Llanas’ Summerfest show canceled, PR firm cuts ties following accusations.
Former BoDeans member Sam Llanas will no longer play Summerfest, and the PR firm promoting his new album has severed ties, following a Journal Sentinel report Monday in which Llanas was accused of child molestation.
Tessa Neumann — the 26-year-old stepdaughter of BoDeans’ frontman Kurt Neumann — says that BoDeans’ co-founder and former band member Llanas repeatedly molested her and had sexual conversations with her when she was a child, from 2001 until 2006 or 2007.
Through a series of interviews with the Journal Sentinel, Tessa Neumann said that Llanas first made sexual contact with her when she was 9, and that he forced her to perform hand and oral sex on him when she was 13 or 14.
Llanas denies the allegations. He has not been charged with a crime, and Tessa Neumann has not filed a complaint with police or pursued a civil lawsuit.

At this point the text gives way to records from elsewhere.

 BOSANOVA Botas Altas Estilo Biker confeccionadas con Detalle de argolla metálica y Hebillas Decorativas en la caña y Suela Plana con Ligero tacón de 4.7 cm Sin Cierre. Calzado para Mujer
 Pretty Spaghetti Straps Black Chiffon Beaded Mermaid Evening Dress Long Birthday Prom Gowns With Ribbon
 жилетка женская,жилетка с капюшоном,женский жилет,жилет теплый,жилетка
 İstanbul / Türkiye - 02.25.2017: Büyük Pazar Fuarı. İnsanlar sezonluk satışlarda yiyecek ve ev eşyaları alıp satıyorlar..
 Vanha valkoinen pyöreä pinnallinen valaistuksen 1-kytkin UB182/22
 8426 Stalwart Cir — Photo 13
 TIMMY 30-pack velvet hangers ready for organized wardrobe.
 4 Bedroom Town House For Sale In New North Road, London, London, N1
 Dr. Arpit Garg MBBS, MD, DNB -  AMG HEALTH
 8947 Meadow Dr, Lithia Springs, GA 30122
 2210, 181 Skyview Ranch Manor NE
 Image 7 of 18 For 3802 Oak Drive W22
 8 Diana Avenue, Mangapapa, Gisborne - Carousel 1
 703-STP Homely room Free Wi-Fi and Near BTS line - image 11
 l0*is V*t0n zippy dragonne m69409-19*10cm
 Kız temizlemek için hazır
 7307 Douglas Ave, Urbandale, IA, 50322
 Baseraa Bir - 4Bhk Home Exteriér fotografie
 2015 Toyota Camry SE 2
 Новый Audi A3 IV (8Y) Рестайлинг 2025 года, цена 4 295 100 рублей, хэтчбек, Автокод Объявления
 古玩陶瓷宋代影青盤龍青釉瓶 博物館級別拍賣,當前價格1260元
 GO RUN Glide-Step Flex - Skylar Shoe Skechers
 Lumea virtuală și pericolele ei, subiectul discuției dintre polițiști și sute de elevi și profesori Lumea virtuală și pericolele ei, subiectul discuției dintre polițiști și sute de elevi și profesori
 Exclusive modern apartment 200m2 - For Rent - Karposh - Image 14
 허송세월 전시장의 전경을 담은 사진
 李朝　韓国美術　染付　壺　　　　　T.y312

By Tuesday afternoon, Llanas’ Summerfest date had been removed from his website’s tour page and the Milwaukee music festival’s website. He was scheduled to play the Miller Lite Oasis — Summerfest’s largest-capacity grounds stage — on June 30, as the direct opener for Third Eye Blind.
“Sam Llanas and Milwaukee World Festival Inc. have mutually agreed that he will not perform at Summerfest this year,” Summerfest officials said in a statement. Milwaukee World Festival Inc. is Summerfest’s parent company.
A representative from ClearWater Harbor in Waupaca, where Llanas was supposed to perform July 1, also told the Journal Sentinel it was canceling his appearance.
Llanas is scheduled to play six other shows this summer in Wisconsin and Illinois.
Through email and Facebook messages, the Journal Sentinel reached out to each of the venues and festival organizers that booked Llanas to see if he was still scheduled to perform.
A representative from Solu Winery in Cascade said they were “reviewing our options.” A representative from Flatland Summer Jam in Macomb, Illinois, confirmed they had received the Journal Sentinel’s message. As of Tuesday evening, the Journal Sentinel had not heard back from the other venue owners and festival organizers.
Baby Robot Media was handling publicity for the album but following the Journal Sentinel’s report Monday ended its campaign.
“Immediately upon learning of the allegations against Sam Llanas, we informed him that Baby Robot will no longer be representing him,” Steve LaBate, co-founder and director of publicity, said in a statement. “We believe Tessa Neumann and have tremendous respect for her bravery in coming forward. Outing an abuser can be extremely difficult and traumatic, and we support her 100 percent.”